Dr Conor Boland, Lecturer in Materials Physics in the School of Mathematical and Physical Sciences at the University of Sussex, said:
“The goal of our research is to create soft, wearable health sensors using cost-efficient nanomaterials which are capable of real-time health monitoring. The potential of these materials would be invaluable to doctor surgeries and hospitals.
“But until now, researchers have been unable to compare our own successes with those of others. We've been making progress in a way which is akin to wandering into a dark wood with no torch. Our blueprint now shows researchers the way, unleashing the potential for many applications to follow.
“I hope these products will bring about the next golden age of healthcare, by allowing medics to be alerted remotely to changes in a patient’s health.

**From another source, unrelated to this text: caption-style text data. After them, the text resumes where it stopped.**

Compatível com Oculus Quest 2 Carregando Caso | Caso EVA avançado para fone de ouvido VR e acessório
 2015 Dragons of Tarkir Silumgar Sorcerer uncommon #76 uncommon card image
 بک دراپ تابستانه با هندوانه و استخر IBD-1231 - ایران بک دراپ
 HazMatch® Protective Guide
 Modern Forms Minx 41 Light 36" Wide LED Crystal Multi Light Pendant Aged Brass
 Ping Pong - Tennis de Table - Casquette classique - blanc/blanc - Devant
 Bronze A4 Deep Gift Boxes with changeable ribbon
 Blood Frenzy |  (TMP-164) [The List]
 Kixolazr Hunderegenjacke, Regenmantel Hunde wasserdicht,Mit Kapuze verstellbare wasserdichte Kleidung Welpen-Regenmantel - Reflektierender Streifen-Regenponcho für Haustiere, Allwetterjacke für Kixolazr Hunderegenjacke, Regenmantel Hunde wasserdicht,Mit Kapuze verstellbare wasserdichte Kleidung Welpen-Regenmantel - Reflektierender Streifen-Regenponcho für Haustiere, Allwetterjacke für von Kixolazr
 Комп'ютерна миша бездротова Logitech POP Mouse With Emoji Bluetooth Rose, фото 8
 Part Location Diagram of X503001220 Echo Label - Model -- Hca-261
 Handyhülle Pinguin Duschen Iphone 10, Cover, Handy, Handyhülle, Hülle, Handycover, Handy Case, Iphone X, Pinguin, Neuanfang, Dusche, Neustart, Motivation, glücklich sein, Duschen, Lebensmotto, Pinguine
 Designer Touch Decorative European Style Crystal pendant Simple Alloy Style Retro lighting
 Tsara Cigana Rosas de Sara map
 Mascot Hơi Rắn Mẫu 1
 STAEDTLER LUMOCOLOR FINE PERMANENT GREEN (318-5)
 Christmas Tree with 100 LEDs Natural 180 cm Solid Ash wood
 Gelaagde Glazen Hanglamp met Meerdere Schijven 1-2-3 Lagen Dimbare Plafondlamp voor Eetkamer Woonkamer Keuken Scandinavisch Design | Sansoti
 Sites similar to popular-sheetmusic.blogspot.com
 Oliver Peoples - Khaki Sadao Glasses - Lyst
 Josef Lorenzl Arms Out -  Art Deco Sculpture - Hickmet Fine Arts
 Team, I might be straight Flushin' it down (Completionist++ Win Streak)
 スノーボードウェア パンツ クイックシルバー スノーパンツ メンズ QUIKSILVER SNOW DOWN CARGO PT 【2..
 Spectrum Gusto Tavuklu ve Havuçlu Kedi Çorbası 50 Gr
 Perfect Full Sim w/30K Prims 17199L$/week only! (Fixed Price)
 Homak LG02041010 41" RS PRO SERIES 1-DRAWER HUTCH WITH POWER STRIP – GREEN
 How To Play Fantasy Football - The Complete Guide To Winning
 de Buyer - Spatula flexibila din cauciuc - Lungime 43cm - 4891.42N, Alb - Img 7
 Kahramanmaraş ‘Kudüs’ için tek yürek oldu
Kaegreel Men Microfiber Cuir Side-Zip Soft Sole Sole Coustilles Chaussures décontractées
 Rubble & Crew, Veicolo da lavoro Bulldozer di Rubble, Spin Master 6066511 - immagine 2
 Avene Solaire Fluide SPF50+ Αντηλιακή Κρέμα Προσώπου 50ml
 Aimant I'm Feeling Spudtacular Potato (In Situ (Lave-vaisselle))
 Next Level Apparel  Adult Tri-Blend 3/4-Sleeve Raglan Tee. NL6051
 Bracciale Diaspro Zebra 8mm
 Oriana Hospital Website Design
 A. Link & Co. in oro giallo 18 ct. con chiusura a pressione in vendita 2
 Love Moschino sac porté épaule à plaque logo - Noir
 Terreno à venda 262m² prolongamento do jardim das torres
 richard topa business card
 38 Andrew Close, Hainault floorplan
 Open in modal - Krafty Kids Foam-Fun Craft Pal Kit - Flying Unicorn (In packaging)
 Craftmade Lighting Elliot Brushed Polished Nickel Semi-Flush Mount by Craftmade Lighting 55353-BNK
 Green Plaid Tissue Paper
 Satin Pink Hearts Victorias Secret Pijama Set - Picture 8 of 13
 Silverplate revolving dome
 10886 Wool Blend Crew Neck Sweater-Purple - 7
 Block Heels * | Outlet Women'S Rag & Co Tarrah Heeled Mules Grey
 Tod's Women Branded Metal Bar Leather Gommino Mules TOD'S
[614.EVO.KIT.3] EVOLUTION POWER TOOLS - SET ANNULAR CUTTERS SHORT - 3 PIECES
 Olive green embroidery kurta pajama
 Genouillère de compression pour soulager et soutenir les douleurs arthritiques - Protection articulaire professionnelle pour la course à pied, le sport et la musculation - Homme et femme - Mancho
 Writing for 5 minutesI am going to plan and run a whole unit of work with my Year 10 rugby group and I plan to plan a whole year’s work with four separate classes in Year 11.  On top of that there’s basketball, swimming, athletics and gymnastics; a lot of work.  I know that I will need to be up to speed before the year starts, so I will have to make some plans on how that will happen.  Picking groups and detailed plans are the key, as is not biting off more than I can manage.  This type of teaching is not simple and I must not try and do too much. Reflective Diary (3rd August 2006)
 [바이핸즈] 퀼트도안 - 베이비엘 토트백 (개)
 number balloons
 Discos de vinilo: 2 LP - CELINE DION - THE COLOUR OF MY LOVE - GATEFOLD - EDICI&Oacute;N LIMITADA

The devices we’re working towards could provide early warning systems for a range of people: poorly patients on busy hospital wards; elderly people in care homes at risk of falling or sudden illness; those at risk of anaphylactic shock, characterised by a sudden drop in blood pressure.
“By spotting changes in pulse, blood pressure, joint movement and respiration rates, these products could potentially identify sickness before external symptoms reveal themselves. In that way, a patient could be helped sooner.
"There's scope for private commercial use too. Professional and amateur sport enthusiasts should in time see more effective health monitors coming to market. They may provide more accurate diagnostic sensors for rugby players or boxers at risk of concussion, which are sorely needed. And health sensors using nanomaterials could help worried parents too, whether that’s by alerting them to a newborn at risk of cot-death or a toddler with soaring temperatures and respiration rates.
“This blueprint we’ve published paves the way all of that."
This research paper in particular looks materials known as nanocomposites, a blend of a nanomaterial and a stretchy polymer, used as non-invasive sensors worn on the body. They either sit on the skin or are built into wireless devices similar to current commercial fitness devices. To measure a bending joint the material would be attached across the knuckle in the hand or knee; and to measure pulse or blood pressure, it would sit across the skin above the artery in the neck or wrist.
The paper looks at the relationship between three things: sensitivity (gauge factor), how far a material can stretch while making a measurement (working factor) and a material’s stiffness (Young’s modulus) and provides benchmarks for each which would describe the performance of an optimum sensing material.
While graphene is the best known nanomaterial, there are hundreds of others including Transition Metal Dichalcogenides, Carbon Nanotubes, Metallic Nanowires and MXenes.